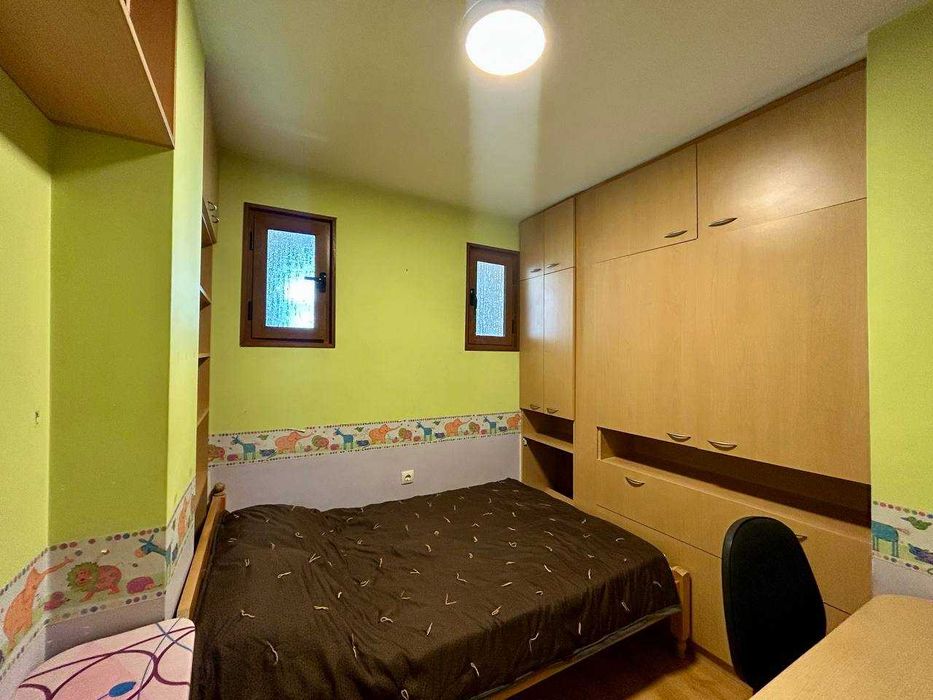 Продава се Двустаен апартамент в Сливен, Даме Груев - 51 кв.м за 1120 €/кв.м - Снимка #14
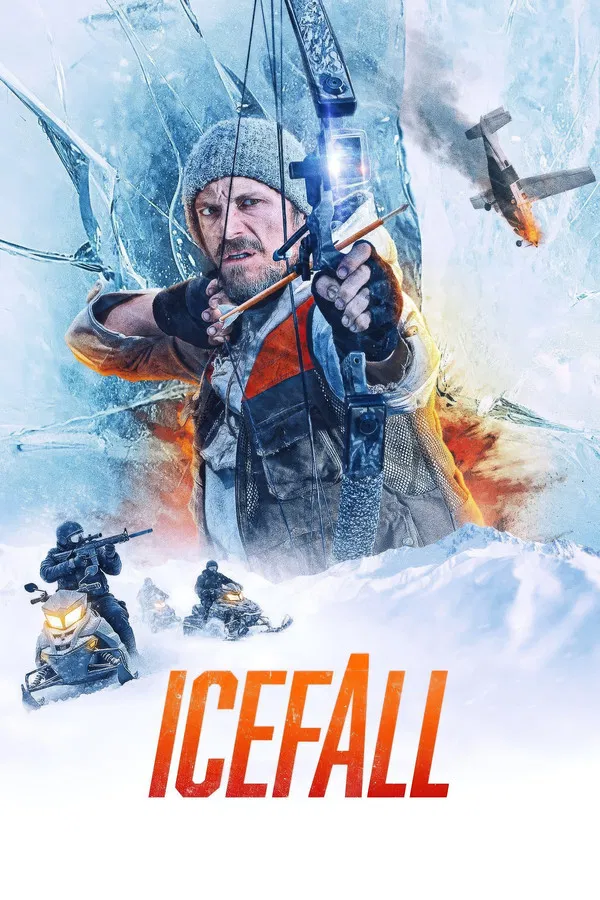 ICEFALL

--

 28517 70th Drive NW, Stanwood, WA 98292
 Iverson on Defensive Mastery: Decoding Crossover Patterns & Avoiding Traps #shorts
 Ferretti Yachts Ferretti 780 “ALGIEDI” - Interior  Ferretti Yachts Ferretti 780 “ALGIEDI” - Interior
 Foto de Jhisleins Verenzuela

Work task: Send back exactly the lines of the listing above starting at the one with "28517 70th Drive NW, Stanwood, WA 98292" and ending at the one with "Foto de Jhisleins Verenzuela", inclusive, and no others.

Response box:
 28517 70th Drive NW, Stanwood, WA 98292
 Iverson on Defensive Mastery: Decoding Crossover Patterns & Avoiding Traps #shorts
 Ferretti Yachts Ferretti 780 “ALGIEDI” - Interior  Ferretti Yachts Ferretti 780 “ALGIEDI” - Interior
 Foto de Jhisleins Verenzuela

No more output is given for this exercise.